Thats not true of the whole state. I know of several depts who dont use the state report. They make their own based on the state report. We DONT need anyone to sign ours- to us thats pointless- we dont sign the pt's hospital chart so why should the hospital sign ours? We leave the white with the hospital since thats the main file. I doubt any small community around me is using computers anytime soon. Estimated start up cost was around $150,000. I dont see the computer reports being any quicker or easier. There are some people who cant type to save their life. Are they ever going to want to "write the narrative" if it takes them 25 minutes to type it out? of course not. someone else is always going to be doing it to get it done faster. I dont like the idea of computer reports at all.


----------



## Chimpie (Mar 24, 2005)

One of my past security departments did all of their reports, including medical reports, by hand.  The next day our admin asst typed them all in.


----------



## rescuecpt (Mar 24, 2005)

> _Originally posted by BloodNGlory02_@Mar 24 2005, 12:43 AM
> * We DONT need anyone to sign ours- to us thats pointless- we dont sign the pt's hospital chart so why should the hospital sign ours? *


 Here the point is that it proves we transferred care properly.  Otherwise, in theory, we could just dump someone at the door and walk away and say that we delivered them to the hospital.  On our PCRs it signifies the hospital's acceptance of our transfer of care and ends our obligation to care for the patient.


----------



## SCEMT-B (Mar 27, 2005)

> _Originally posted by Summit_@Feb 22 2005, 03:02 PM
> * Can't... wait... for... COMPUTERS! *


Better hope your dept/company gets the good ones. Ours didn't  <_<  and our computers go down prolly once a week and then we have to use paper reports til they're fixed 2 weeks later  :blink:


----------



## Ray1129 (Apr 8, 2005)

MD utilizes what they call EMAIS.  It's all on the web.  We access it with our provider numbers and passwords and when we're done, we print out what we just did and send copies to everyone who needs them.  Then the call is logged under your name so that if you ever need to go back to it for some odd reason, it's there to look at.  Pain is if the internet is down or if the site crashes....

-Ray


----------



## ma2va92 (Apr 8, 2005)

What program are out there... for the VOL...... the city near us has great laptops.. heck then don't need to call dispatch if they don't want to... 
one of the Vol RS near us is screaming that there somputer base pre hospital takes so long .. and is not very friendly.... I havn't seen much on the web.. but then again I may be looking in the wrong place... we are small.. 2 medic truck .. third coming soon... we run about 850 900 calls per year and the search is on.. as we will need to go to computer reports in the coming year....


any help  gets a big TY


----------



## ffemt8978 (Apr 8, 2005)

GVRS672,

You may want to check with your state EMS office and see what they recommend.  Sometimes they have specific requirements for the programs.  Also check with the hospital you transport to and see if they are set up to receive computer reports.

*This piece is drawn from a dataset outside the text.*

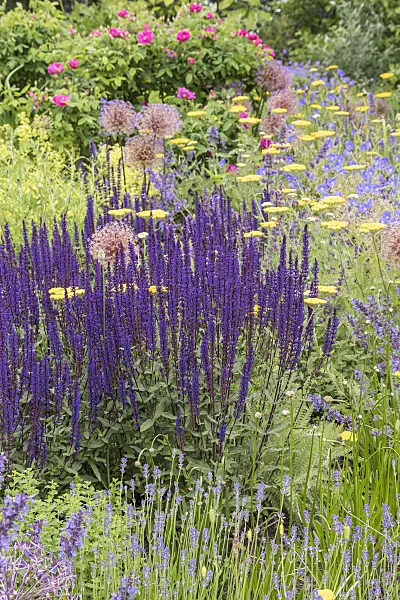 651497 - Woodland sage (Salvia nemorosa 'Caradonna')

If all else fails, you could probably write a program in Microsoft Access or something similar that would meet all of your needs.


----------



## Jon (Apr 8, 2005)

In PA, there is a group in the Pittsburg area that puts out "EMMA" and that meets the state regs. Also, I've heard of "Code 3" as another program.

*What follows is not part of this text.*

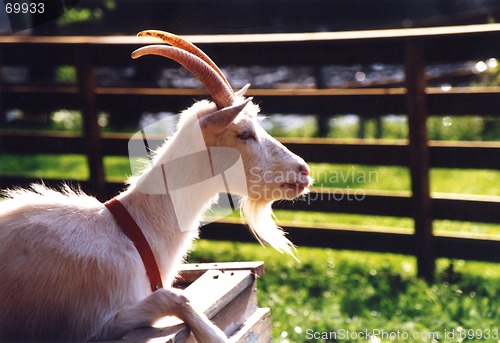 Image of Goat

In my county, everyone does computer reports in the station after returing to quarters. Some squads are talking of running EMMA on a palmtop PC or MDC, as we upgrade units, as the county MDT's are getting old and breaking, with no replacement in sight.

Hope that helps a little.


----------



## TTLWHKR (Apr 8, 2005)

New HIPAA regulations state that we will no longer be able to use our Code 3 Software to send PCRs to our regional office by way of the internet. We however may place them into the C3S and save that month to a disc, or a series of discs and mail them to the directors.  :angry:  I'm really starting to 'strongly dislike' HIPAA.


----------



## rescuecpt (Apr 8, 2005)

> _Originally posted by TTLWHKR_@Apr 8 2005, 01:49 PM
> * New HIPAA regulations state that we will no longer be able to use our Code 3 Software to send PCRs to our regional office by way of the internet. We however may place them into the C3S and save that month to a disc, or a series of discs and mail them to the directors.  :angry:  I'm really starting to 'strongly dislike' HIPAA. *


 Just "starting"???


----------



## Jon (Apr 8, 2005)

> _Originally posted by TTLWHKR_@Apr 8 2005, 01:49 PM
> * New HIPAA regulations state that we will no longer be able to use our Code 3 Software to send PCRs to our regional office by way of the internet. We however may place them into the C3S and save that month to a disc, or a series of discs and mail them to the directors.  :angry:  I'm really starting to 'strongly dislike' HIPAA. *


 At my one squad - 1000 or so runs a year, we download EMMA to floppy and mail to county on about a monthly basis.

Jon


----------



## TTLWHKR (Apr 9, 2005)

> _Originally posted by rescuecpt+Apr 8 2005, 01:58 PM--></div><table border='0' align='center' width='95%' cellpadding='3' cellspacing='1'><tr><td>*QUOTE* (rescuecpt @ Apr 8 2005, 01:58 PM)</td></tr><tr><td id='QUOTE'> <!--QuoteBegin-TTLWHKR_@Apr 8 2005, 01:49 PM
> * New HIPAA regulations state that we will no longer be able to use our Code 3 Software to send PCRs to our regional office by way of the internet. We however may place them into the C3S and save that month to a disc, or a series of discs and mail them to the directors. :angry: I'm really starting to 'strongly dislike' HIPAA. *


Just "starting"??? [/b][/quote]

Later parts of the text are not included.